Cenário para gravação de movimentos com o notebook (1), que recebe as imagens das câmeras (2 e 3), captadas no corredor por onde os animais andavam (4), iluminado por refletores (5), e mais um notebook está acoplado à câmera que faz imagens do alto (6) – Foto: Tauana Maria Carlos Guimarães de Paula
Pontos-chave
Tauana Maria observa que para a elaboração do modelo foram identificadas as áreas importantes (pontos-chave) do corpo das fêmeas suínas, como patas, focinho e cauda, entre outras. “Posteriormente, esses dados serviram para indicar padrões de movimentação específicos de cada condição de claudicação”, descreve. “Com base nos pontos-chave, foram criados esqueletos virtuais, que são um registro da pose de animais diferentes para observação, três na vista lateral, com seis, 11 e 13 pontos-chave, e dois para a vista dorsal, com sete e dez pontos-chave”.
O banco de imagens com anotação do esqueleto foi usado para treinamento de modelo computacional baseado em técnica de aprendizado profundo de máquina e em um novo método de processamento proposto pelo grupo.
Identificação de pontos-chave nas vistas lateral e dorsal das porcas, formando um esqueleto virtual que permite, por meio de aprendizado de máquina, obter um modelo computacional que identifica padrões de claudicação no movimento dos animais – Imagem: cedida pelos pesquisadores
O Professor Rafael Vieira de Sousa, da Faculdade de Zootecnia e Engenharia de Alimentos (FZEA) da USP, co-orientador do mestrado, destaca que o novo método é composto pela integração de duas técnicas. “A primeira gera um modelo computacional por aprendizado profundo que realiza a identificação e rastreamento dos pontos-chave do esqueleto virtual ao longo de um vídeo”, relata. “A segunda usa dados gerados por análise cinemática aplicada ao esqueleto virtual para alimentar um classificador baseado em aprendizado de máquina que identifica presença de padrões de claudicação.”
“Os resultados foram promissores para o desenvolvimento de modelos que identificam a claudicação em suínos através da pose e do rastreamento dos pontos-chave no corpo do animal”, destaca Tauana Maria. “Na vista lateral, o modelo com seis pontos-chave obteve melhor desempenho, e na dorsal, o modelo com dez pontos-chaves conseguiu elevada performance”.
Segundo o professor Zanella, os modelos têm o potencial para compor uma plataforma de visão computacional para identificar automaticamente poses de locomoção em fêmeas suínas. “Eles podem ser utilizados como uma ferramenta e um método de precisão que ajuda a identificar de forma objetiva o comportamento de locomoção das fêmeas suínas a fim de detectar a claudicação em fases iniciais, para promover intervenções rápidas e melhorar o bem-estar animal”, salienta.
Também fizeram parte da pesquisa a pós-doutoranda Marisol Parada Sarmiento, que trabalhou no desenvolvimento do projeto e coordenou a coleta dos vídeos, auxiliada pelo pós-doutorando Leandro Sabei e a veterinária Júlia Silvestrini.

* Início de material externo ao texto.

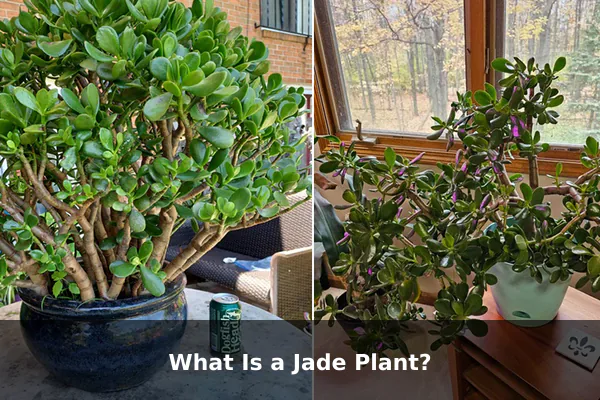 What Is a Jade Plant?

O professor Rafael Vieira de Sousa e o tecnólogo Edson Sardinha do Laboratório de Robótica e Automação para Engenharia de Biossistemas FZEA-USP, em Pirassununga, apoiaram o desenvolvimento do sistema computacional, enquanto o pesquisador Ton Kramer facilitou o engajamento de profissionais para analisar os vídeos com protocolos validados de avaliação. A graduanda de veterinária da FMVZ USP, Mirela Vilioti, colaborou na rotulagem dos vídeos para as análises; a proprietária da granja Topgen, Beate Von Staa, disponibilizou as instalações da granja e as fêmeas suínas para realizar as filmagens; e a empresa Zinpro apoiou o projeto.